最后两根手指被一起掰开,他的俊脸扭曲,悲伤汹涌而出,张着嘴却是怎么也喊不出声。眼泪模糊视线,只看见那少女一点点的变小,向那万丈深渊坠去……
胸口闷痛,他吸进一口冷风,猛烈地咳嗽起来。目光闪烁着,趴在崖边,许久才闭上了双眼。他不知道自己该怎么办,童嘉消失的那一刻,他的正个世界似乎都变得苍白了。心里空落落的,像是浮在半空的人,怎么也找不到落脚的地方。

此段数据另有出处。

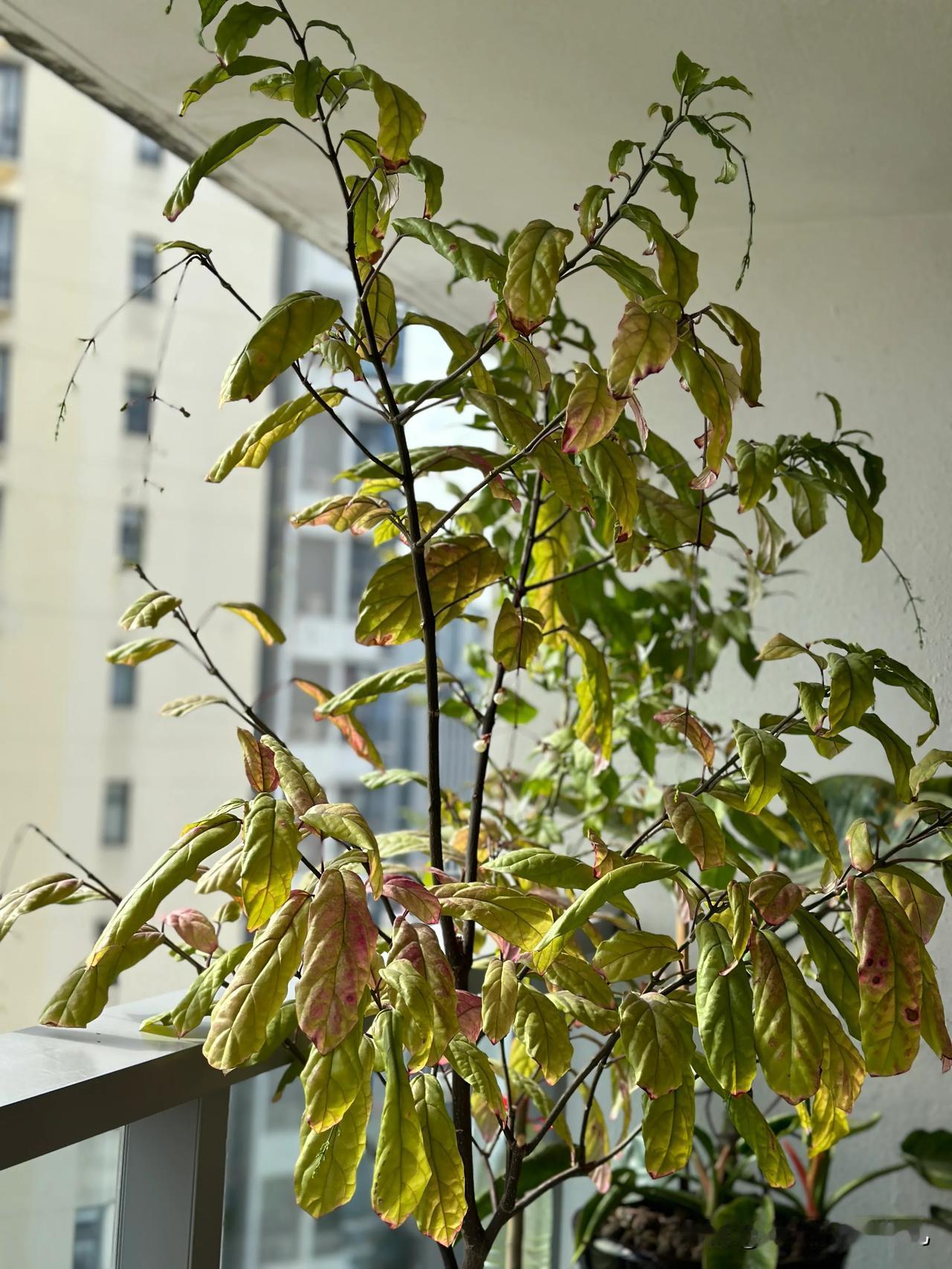 我的垂丝茉莉出现了新状况，叶子一直没在正常范围内，好想手起剪落……嗯，那就舒服了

记忆似是泉涌,虽然他记不起童嘉说的一千年前的事情,可是从与他相识以来的场景,他还记得清清楚楚……
——
西门妆赶到时,只见那少年趴在悬崖边上,不远处放着一把银质的斧头,周遭一个人都没有。
她与沈尔对看了一眼,尔后向着那悬崖边的少年走去。
“阿邪!”她开口,试探似的叫他的名字。
西门邪没有回答,他依旧趴在那里,不动也不回话。
直到西门妆走到他的面前,与沈尔一起,将他扶了起来。
“阿邪,你没事吧!你不要吓二姐!”少女的声音在他耳畔回荡,刹那就被风吹散了。
他转眸,眼神空洞的看着西门妆。似是陷入了沉思。
记得第一次上体育课的时候,天气很炎热。他当时中暑倒下,全班只有童嘉一个人在他身边蹲了下来,为他遮去了阳光,纤细修长的手轻轻拍打着他的脸,问他——
“阿邪,你没事吧!”
那是他第一次近距离的看童嘉,那张脸十分漂亮,当时他以为她是个男生,还觉得可惜。可是后来自己昏了过去,醒来的时候,是在医务室,听医生说,有个少年给他做了人工呼吸…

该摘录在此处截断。